I’m stretching out, shoeless, on a sofa at the back of a fancy coffee shop. You know the place: the furniture is deliberately unmatched, there’s a chalkboard in the loo and the lamp to my right is inexplicably made out of cork. Aside from the two women to my left, who are thoughtfully conducting their conversation at a volume loud enough not to exclude anyone in the room, most people are quiet as they sit concentrating over glowing MacBooks. So as I guzzle down my unnaturally tall cup of English Breakfast tea (what will it take to stop people pouring the water in first?) this feels like an appropriate venue to confess that after years of merry isolationism, I’ve finally jumped ship and bought myself an iPhone.
You can only hold out against the tide for so long.

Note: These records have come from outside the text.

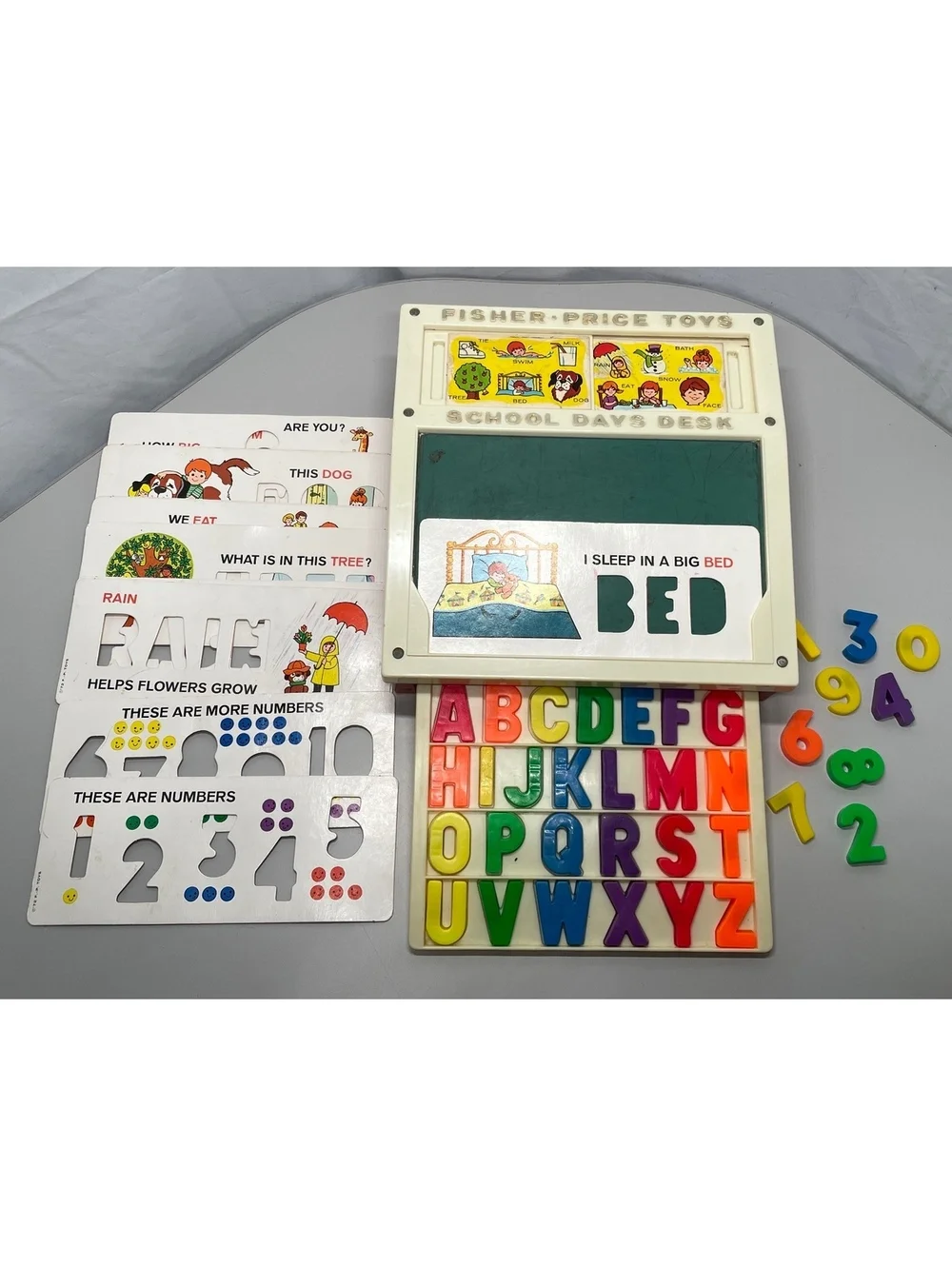 Fisher-Price this vintage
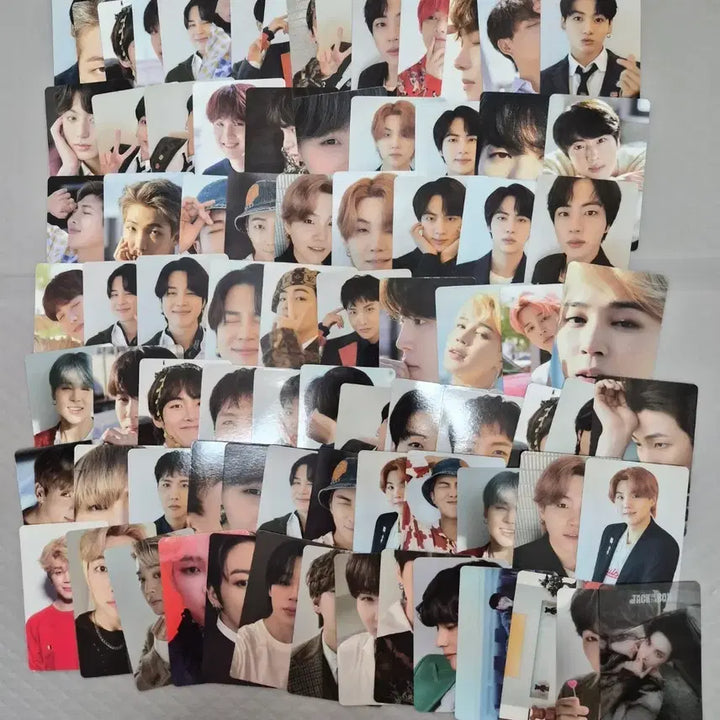 [SOLD OUT] BTS 방탄소년단 공굿 포카 일괄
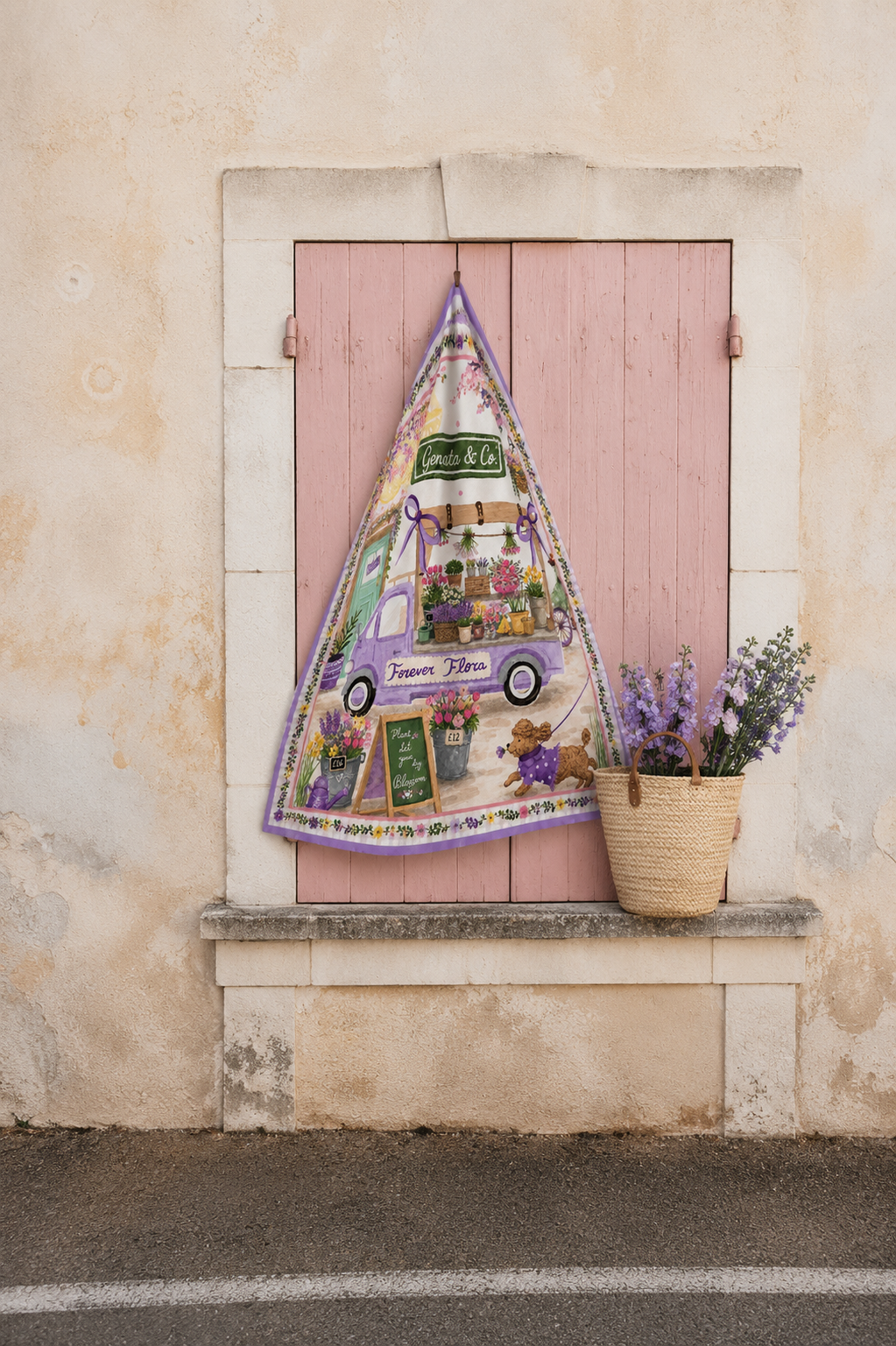 Lavender Lane
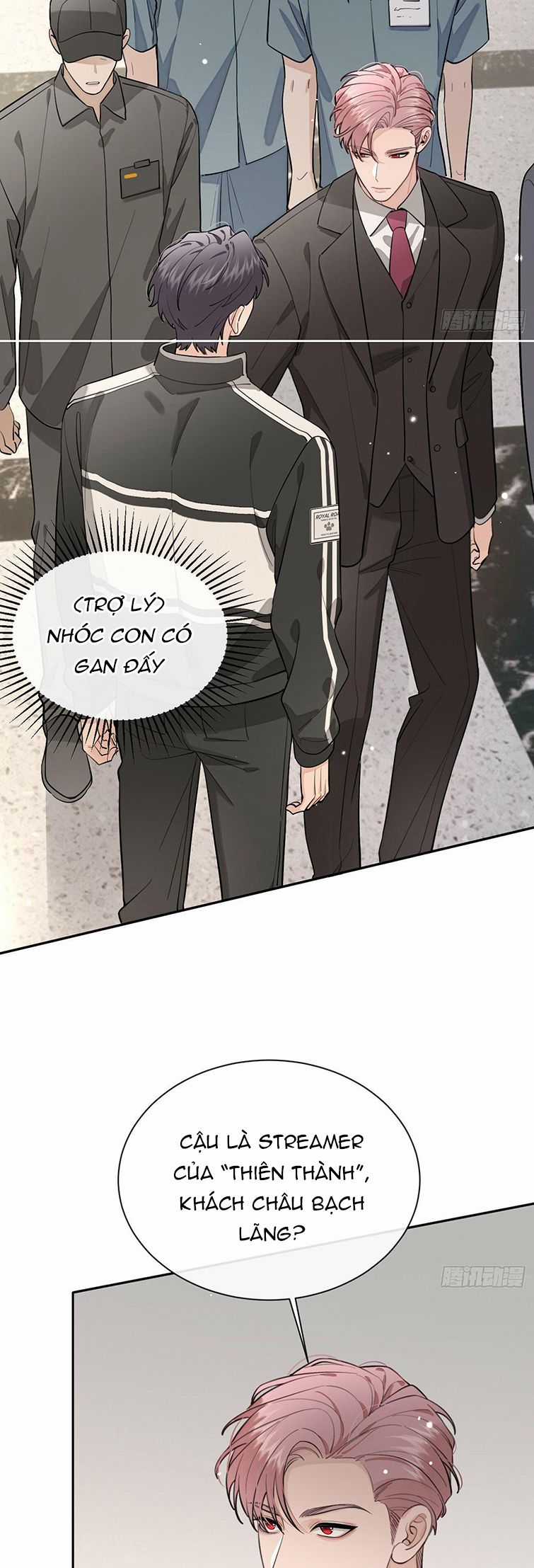 Chó Lớn Bắt Nạt Chủ - Chapter 40 - Trang 28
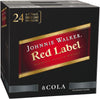 Johnnie Walker & Cola Cube - 375 mL Cans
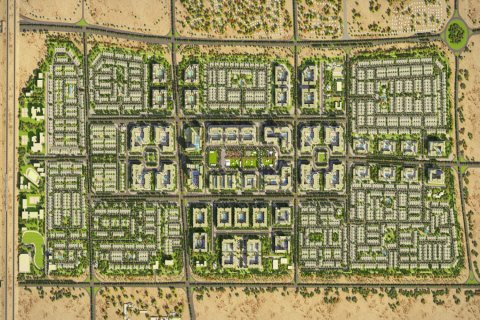 Appartement de 2 chambres à Town Square, UAE No. 149902 2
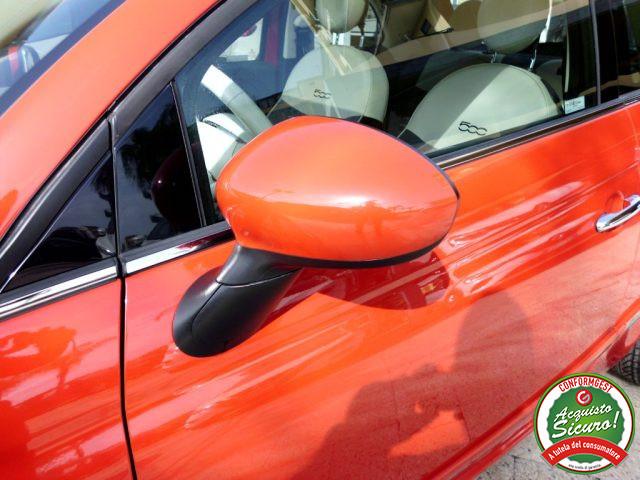 FIAT 500 1.2 EasyPower Lounge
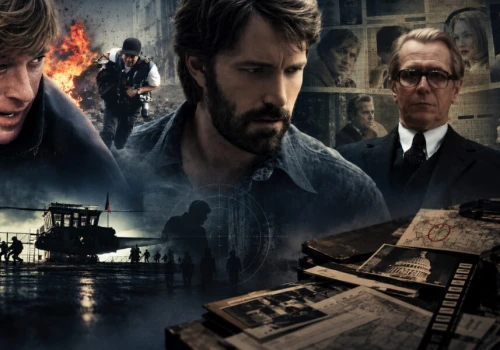 10 perfekcyjnych thrillerów SZPIEGOWSKICH, bez Bourne’a i Bonda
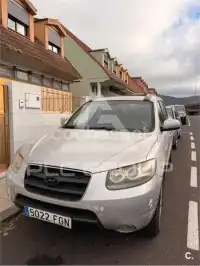 2006 Hyundai Santa Fe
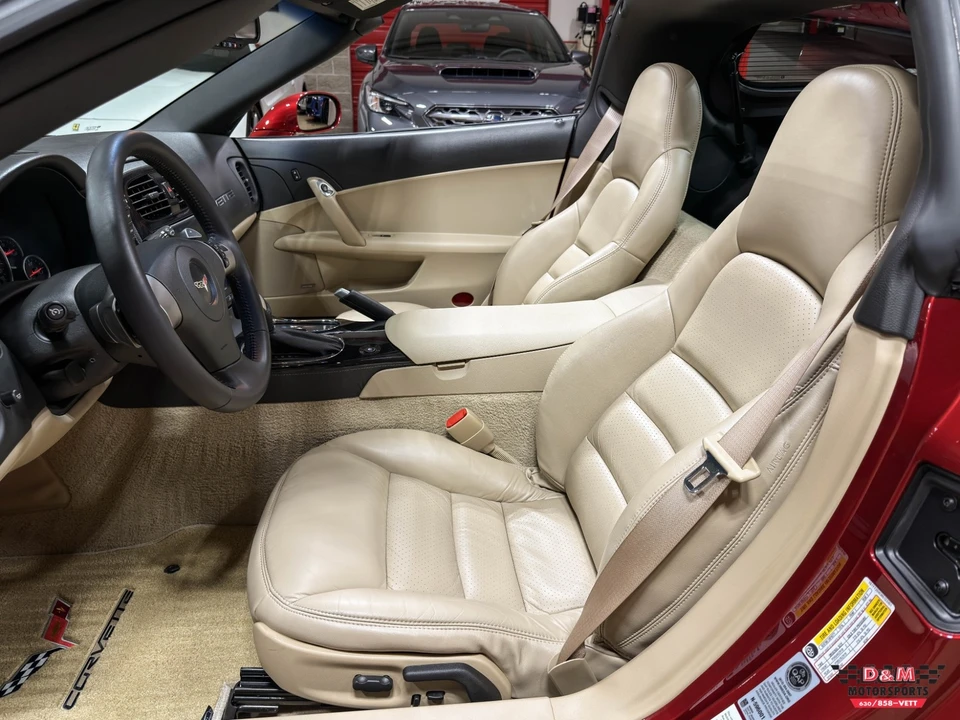 2008 Chevrolet Corvette C6 - Image 11 of 31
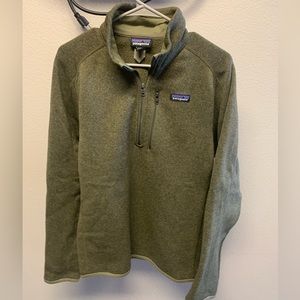Patagonia better sweater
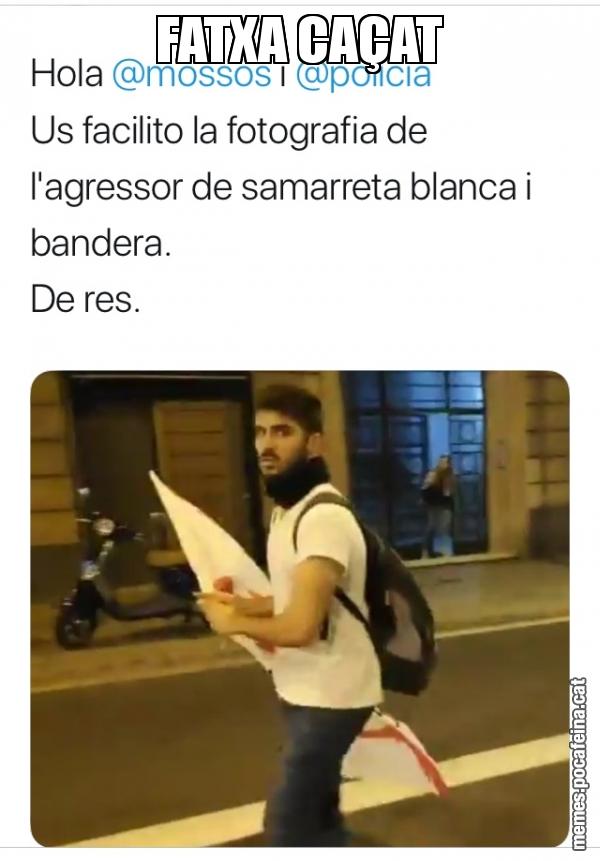 FATXA CAÇAT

Aside from this development it’s been a quiet couple of weeks, with much binging on niche British documentaries (I, for one, am now a lot better informed about the inner workings of the Crown Prosecution Service) as we waited for some variant of either spring or summer (not fussy) to arrive. Two weekends ago, I saw Mai Dang Lao, directed by one Marti Lyons and set during the overnight shift at a 24/7 fast food drive through. (Did you know that over 70% of US fast food revenue comes from drive throughs? No one else seems surprised by this fact, but if that sounds like the kind of number you want to have in your head, may I recommend The Rise and Fall of American Growth which I’ve just finished ploughing through.) Anyway, the play goes down a darkened Zimbardo-esque path of “what will people do once empowered to do it?” while remaining pretty funny – it got a little self-aware for me at points, but enjoyable nonetheless.
Randi’s mum has also been in town quite a bit, so we’ve had several good dinners out together, and we’ve also managed to catch-up with gone-but-never-forgotten Lauri after work one evening with Todd. Making belated use of a Christmas gift from Robert, Randi and I also dined at La Scarola, a place which always shows me a quite ridiculous (but very welcome) favouritism. The couple ahead of us were quoted a two-hour wait, but after spotting me, we were waved through to a table within five minutes. I wish I knew what has ever qualified me for this treatment, because then maybe I could replicate it elsewhere. (For the record, though, La Scarola is always delicious.)
Finally, last night we saw The Deltones at iO with Karol, which I’ve had on my list for a long time. One of iO’s regular shows, this is a completely improvised musical, and it’s predictably hilarious. Last night’s topic was EDM. Also very good was the regular improv warm-up act, Smokin’ Hot Dad, and I clearly need to do a better job of hustling for more visitors to Chicago so I can find more excuses to go.